Sunday, March 03, 2013

A Quick Intro to GIS - Part I

What is GIS
GIS stands for geographic information system. It is an integrated system used to display, store, manage and analyze data about objects on earth. It is used to perform a variety of functions on geographic information.

The system has several integrated components:
  • A graphic program used to draw maps
  • A database that links features and attributes
  • Tools to analyze, edit and manage geographic data
Why GIS - Geographic Approach
There are many challenges that our wold faces e.g; Climate change, political conflicts, limited resources, over population and pollution etc. To combat these challenges we need understanding, knowledge and integrated approaches.
By combing the science of geography with the technology of GIS, we can
  • Collect and organize data to better understand the earth 
  • analyze data to create geogrphic knowledge. 
  • Apply geographic knowledge to find solution.
this is called geographic approach.

Remember : a geographical approach is a way to gain understanding and solve problems.
GIS Information
A GIS stores two types of geographic information: features and attributes.
Features represent natural objects found on earth, such as continents, rivers and oceans.
Feaures also represent human-define objects such as counties and parcels.
Attributes describe the features in a GIS e.g; attributes of world countries might include Name, population area etc.

The functions of GIS are
  • Visutalization
  • Geodata managment
  • Geographic analysis.
People use the information from GIS to make decisions and solve the problems.
The data stored in GIS is geographically located. This means that a GIS can show you the pictures of data in form of map. Thus a GIS map is a window into your data.
For example you want to compare the population of the countries , you could look at a list of populations number in a table or you could look at a map.
The map allows you to discover patterns and relationships you cannot easily see in a table.
Types of Map
A paper map is static showing unchanging view.
A digital map is viewed on computer and may be static like a photograph.
A GIS map is more than a map. It has a database behind making it dynamic. By using GIS maps, you can do the things like
  •  Bring data in
  •  Display data in different ways
  •  Look at sets of data together to see the patterns and relationships
  •  Analyze data to create new information
GIS Map elements
A feature represents a real world object on a map. Each building, road, tree.
A feature has four components.
  •  Shape (Can be point, line or polygon, city (Lahore)  can be represented as point, river (Ravi) can be represented as a line,  country (Pakistan) can be represented as polygon )
  •  Location (can be expressed with latitude and longitude )
  •  Symbol (shape, color, outline, pattern of all of these)
  •  Attributes (information that describes the feature eg; Country attributes: Name,population, Capital etc)

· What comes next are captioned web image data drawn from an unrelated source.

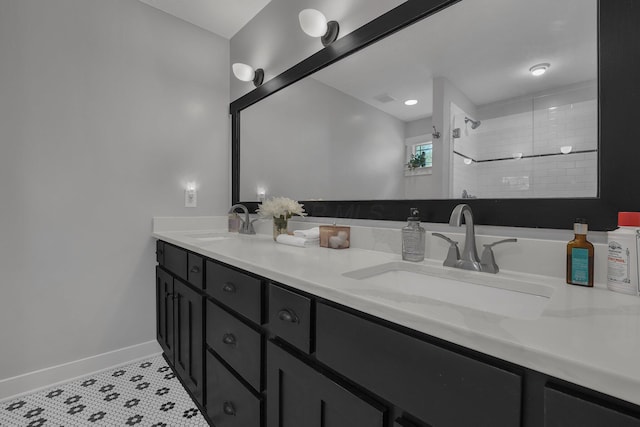 14980 Robins Rd, Johnstown, OH 43031 - full bathroom featuring double vanity, baseboards, and tiled shower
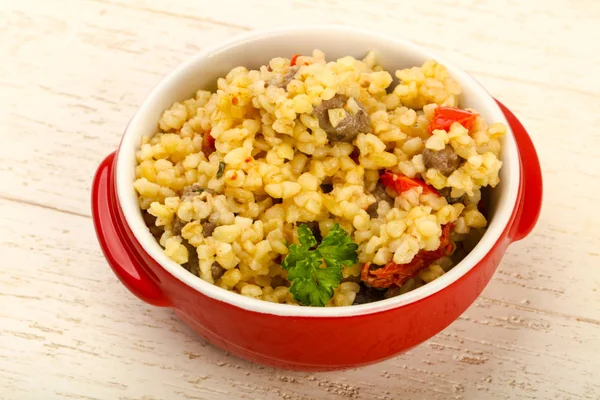 Bulgur tavuk kalpleri ve ahşap arka plan üzerinde kuru domates ile kase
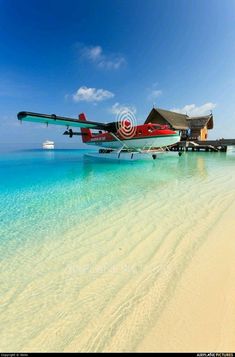 an airplane sitting on top of a sandy beach next to the ocean with clear blue water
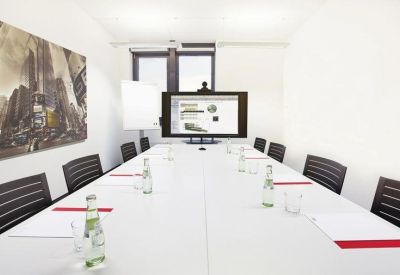 Bright conference room with a long white table, black chairs, and video conferencing screen.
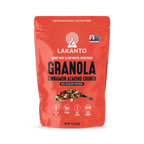 A bright red bag of Lakanto Cinnamon Almond Crunch granola features bold text highlighting it is gluten-free, vegan, and sweetened with monk fruit and erythritol, with no added sugar.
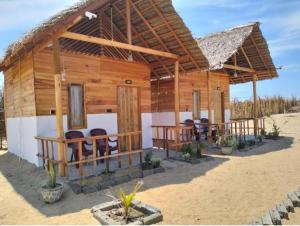 a wooden house on the beach with chairs at Arugam Bay Beach Morea in Arugam Bay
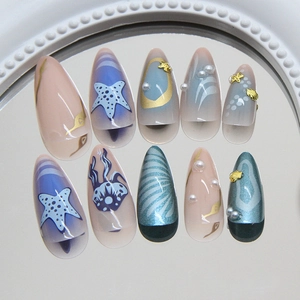 Blue ocean-themed almond press-on nails with 3D starfish, pearls and shell decorations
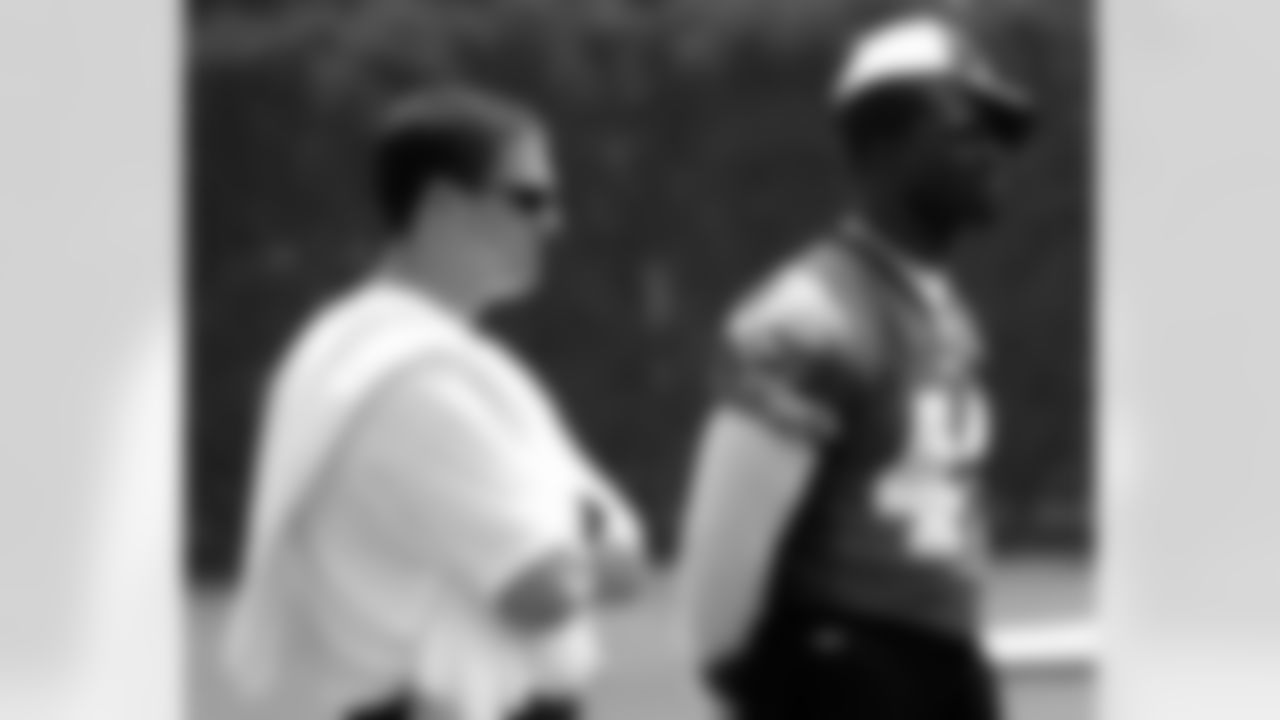 Assistant Athletic Trainer Chris Peduzzi and FB Thomas Tapeh watch from the sidelines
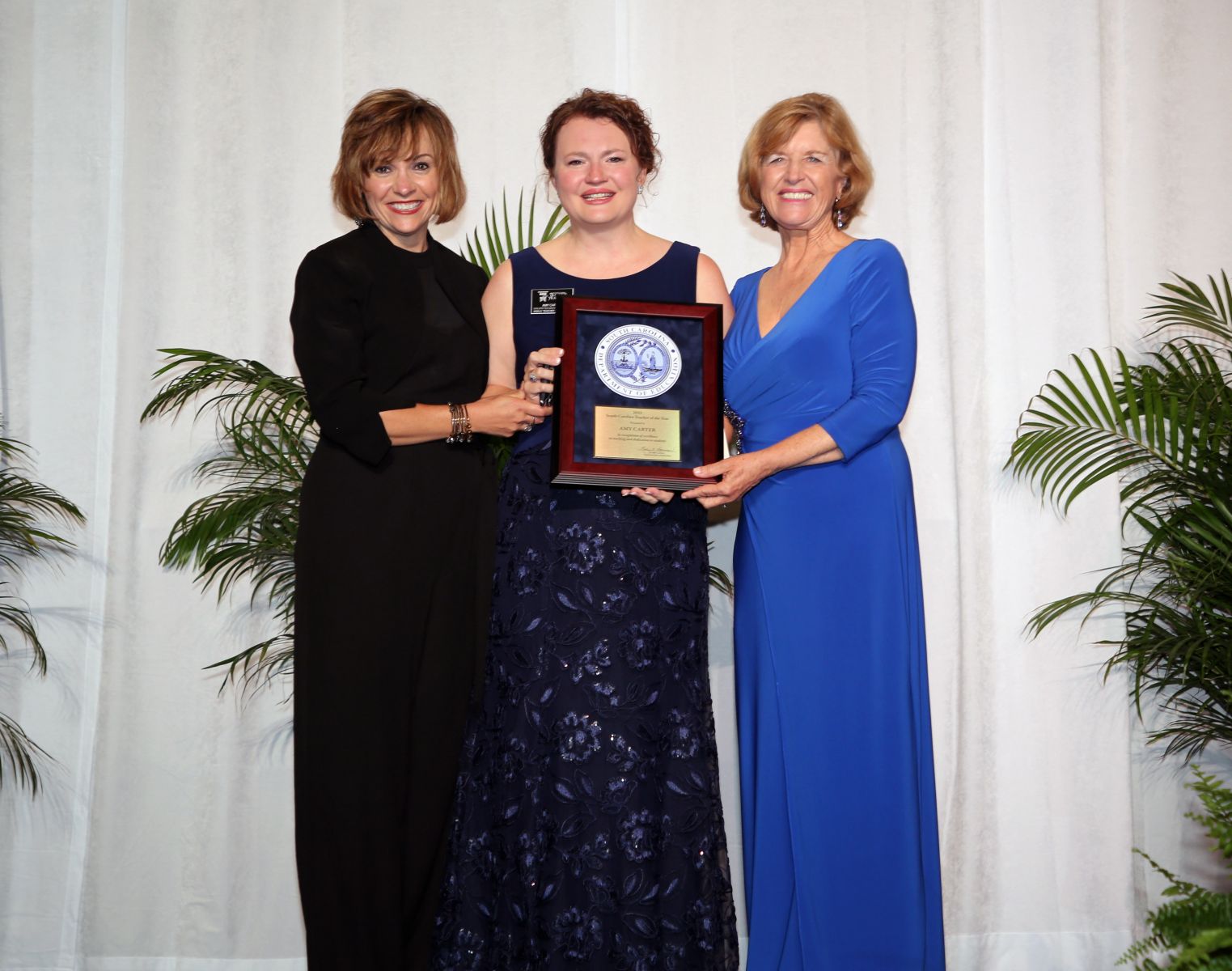 S.C. Superintendent of Education Molly Spearman (right) presented Chapin High School English teacher Amy Carter (center) with the S.C. Teacher of the Year award Wednesday night. (Photo/Provided)
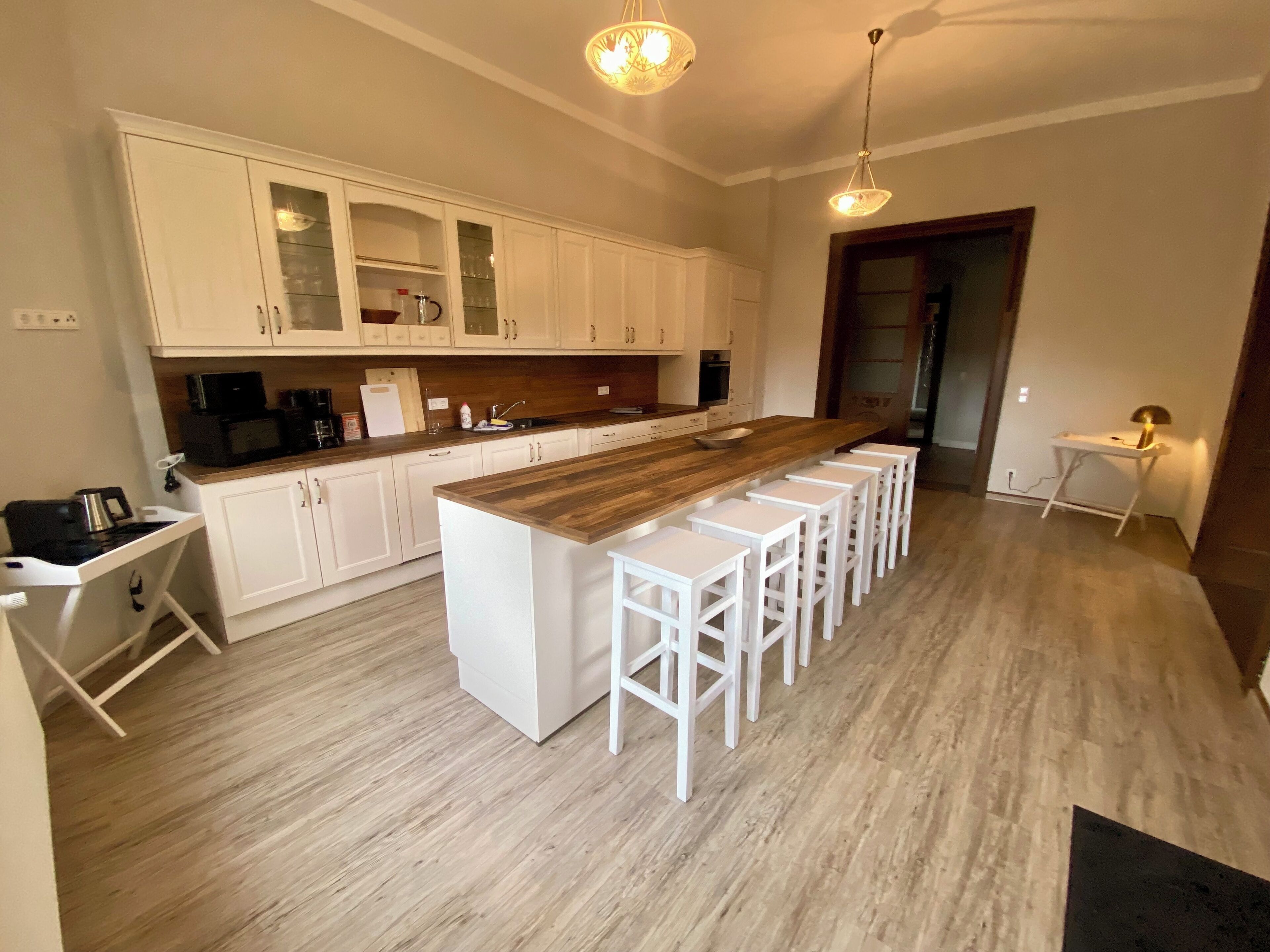 A modern kitchen with white cabinetry, a wooden island with bar stools, and pendant lighting.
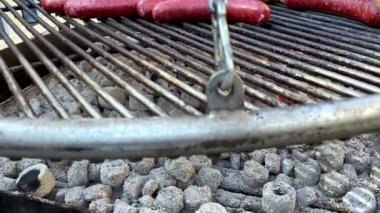 Bir adam açık ızgarada farklı etlerle büyük sosisler pişiriyor. Domuz eti, tavuk, sığır sosisi. Büyük bir grup insan için lezzetli yiyecekler..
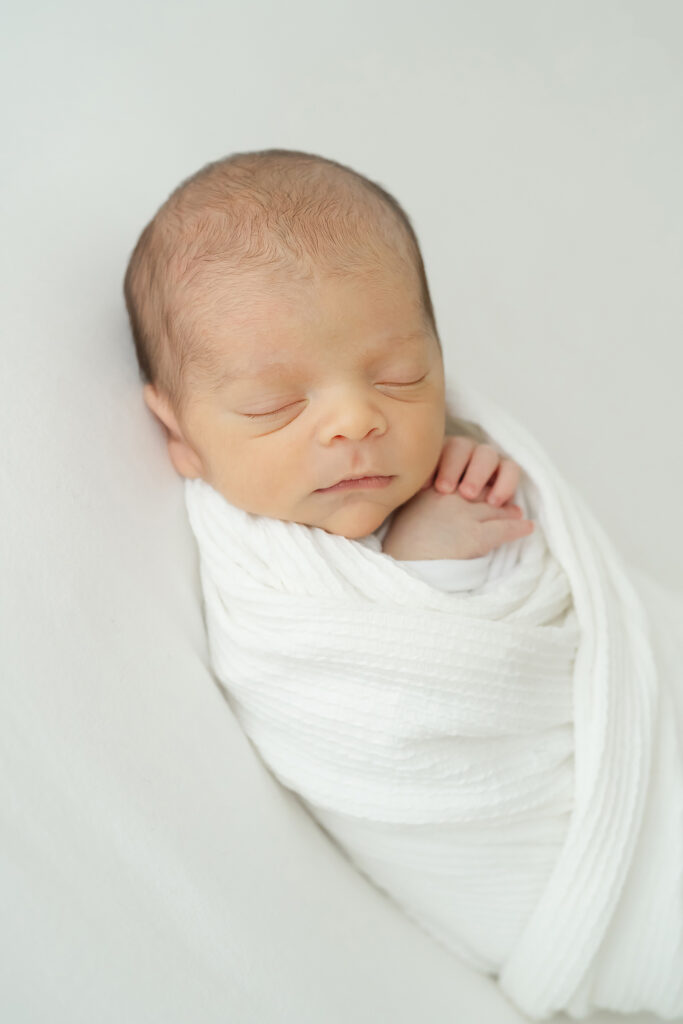 Newborn baby swaddled in a white blanket sleeps at Louisville Ky photography studio
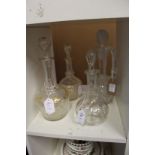 Three decanters and a claret jug.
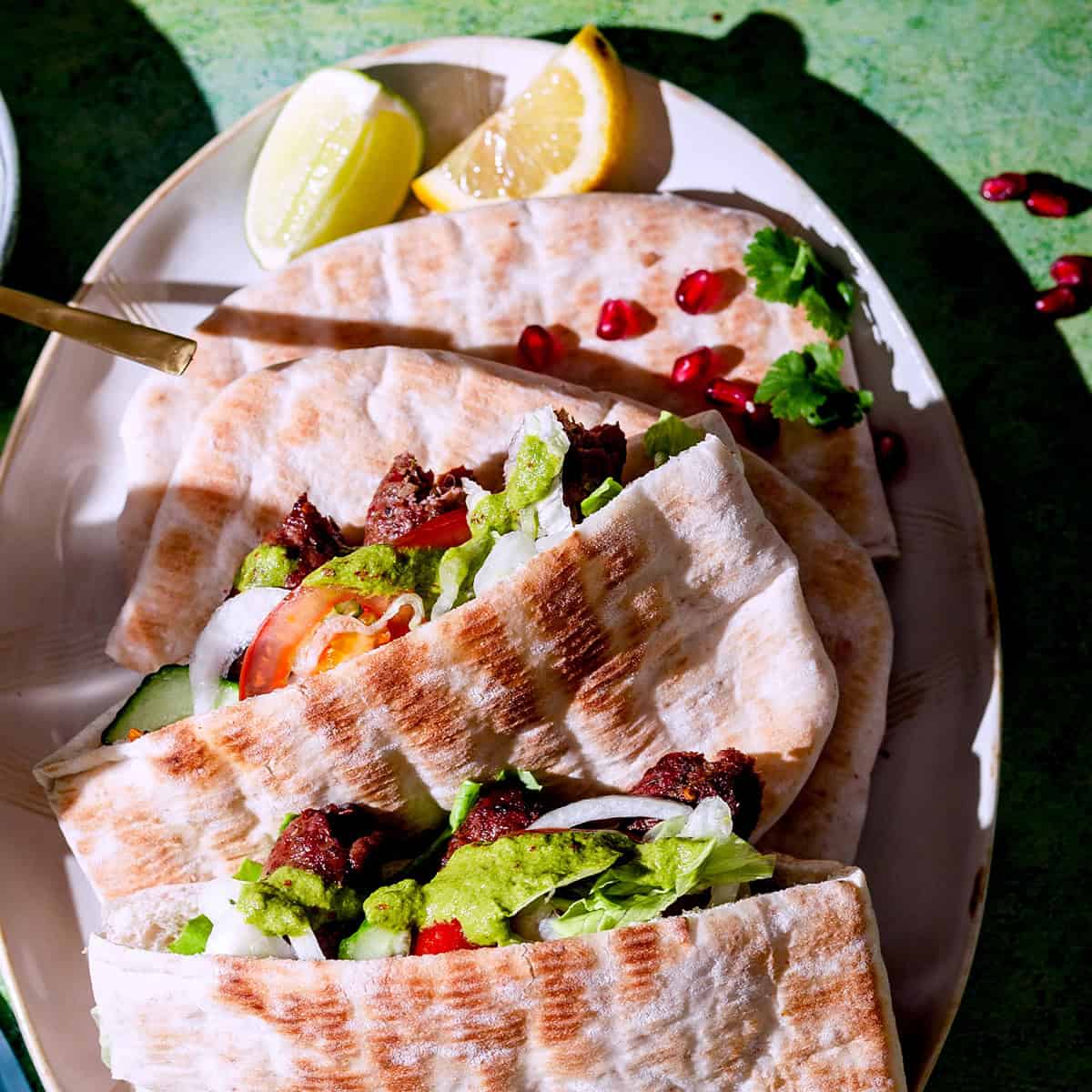 Turkish Köfte & Potato Traybake with Lemon Garlic Sauce Kofte in pitta bread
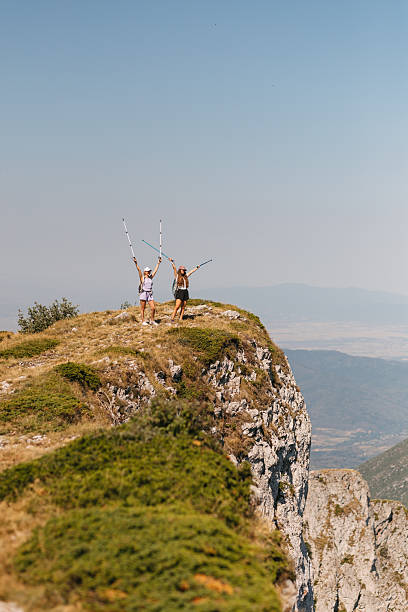 istock Hikers celebrating on mountain cliff 2231072502
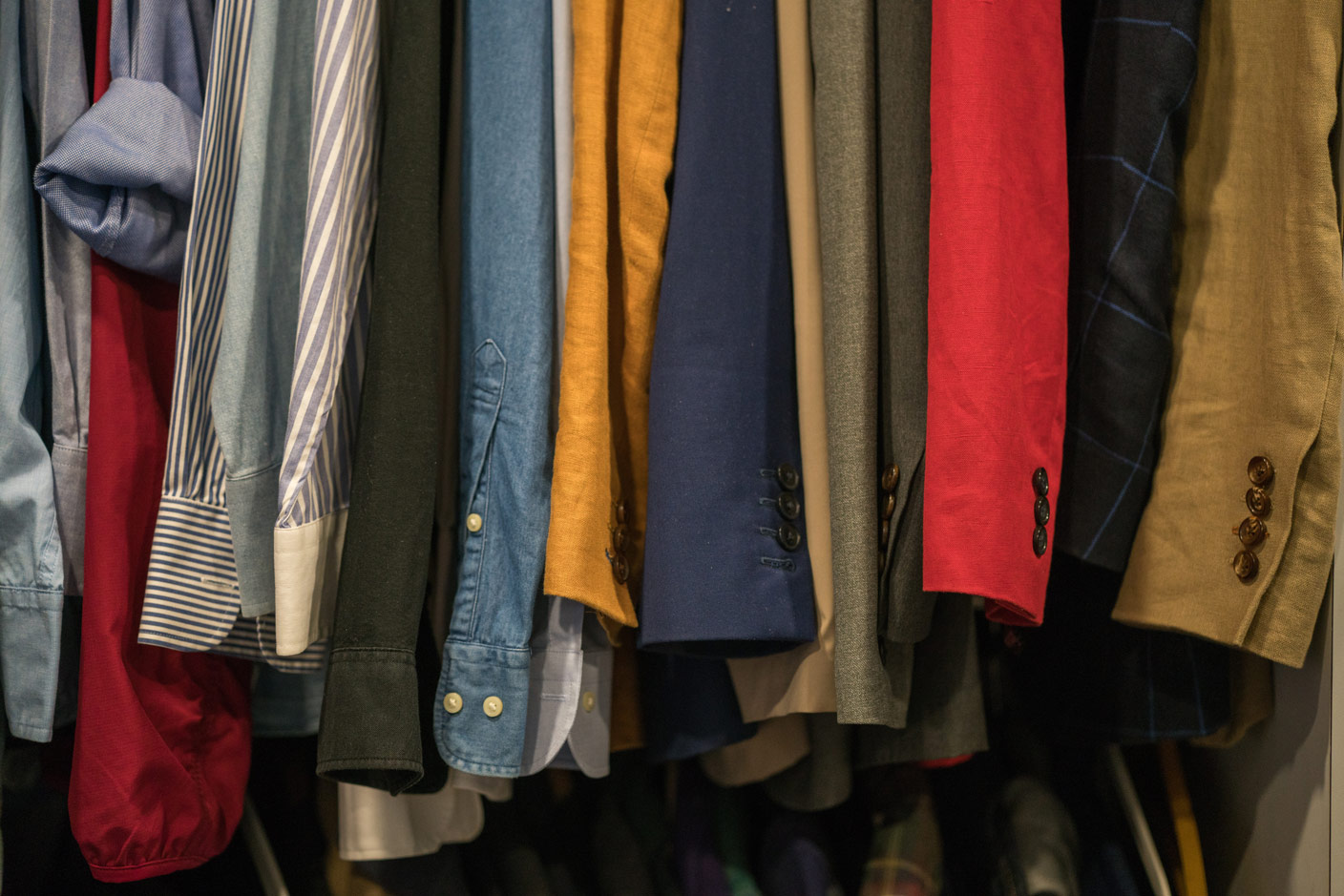 The picture shows clothes on hangers in a second-hand store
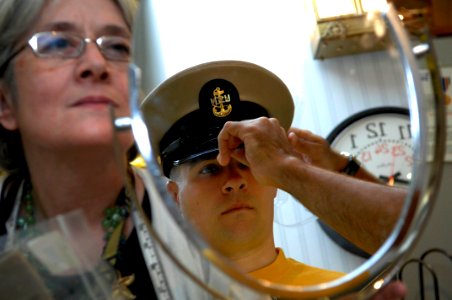 US Navy 090713-N-9818V-077 Chief Machinist's Mate Jordan Rosado helps Aviation Warfare Systems Operator 1st Class William Frost, Reserve Sailor of the Year, get fitted for his new uniform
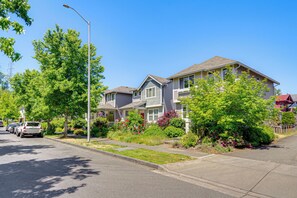 A residential street with houses, parked cars, and lush greenery.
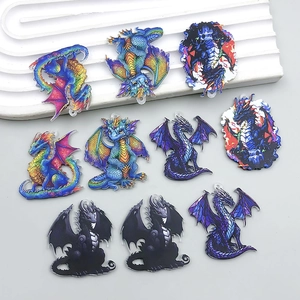Flat lay of ten colorful acrylic double-sided dragon pendants for DIY jewelry making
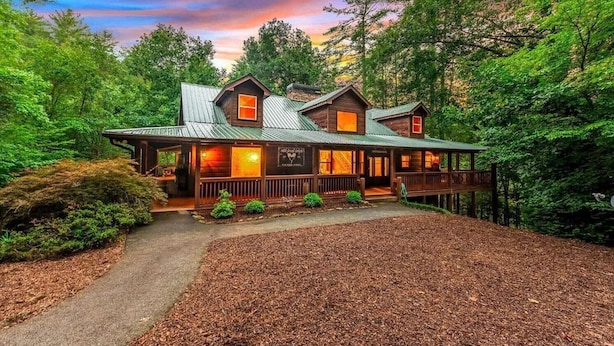 Un chalet rustique doté d’un porche abrité, d’une cheminée en pierre et offrant une vue sur la forêt environnante.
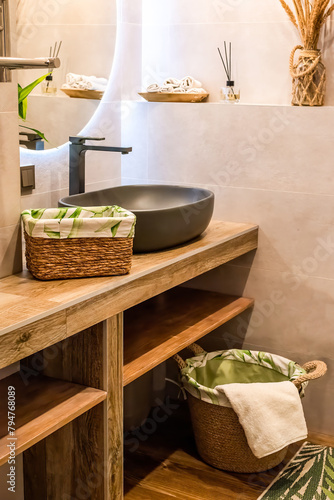 wooden wicker basket with towels on wooden shelf for bathroom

A layer is a collection of features. Features in a layer represent the same themes, like mountain peaks, roads or lakes. Features in a layer have the same shape and the same set of attributes.
The ability to organize information about real world features into layers and view layers together on a map makes GIS a powerful tool for visualizing our world and gaining geographic knowledge.

Scale is the relationship between the size of the feature on a map and its actual size in the real world. Because no map can show features at their actual size, scale is used to represent the amount of reduction between map and the real world object. It can be expressed as a ratio, such as 1:24000.
This scale means that a feature on a map is 24000 times smaller than its corresponding feature in real world.
Scale can be expressed as an equivalence such as 1inch = 5miles.
This type scale is useful for measuring distances and feature sizes on a map.
On GIS map scale is dynamic (zoom in/out).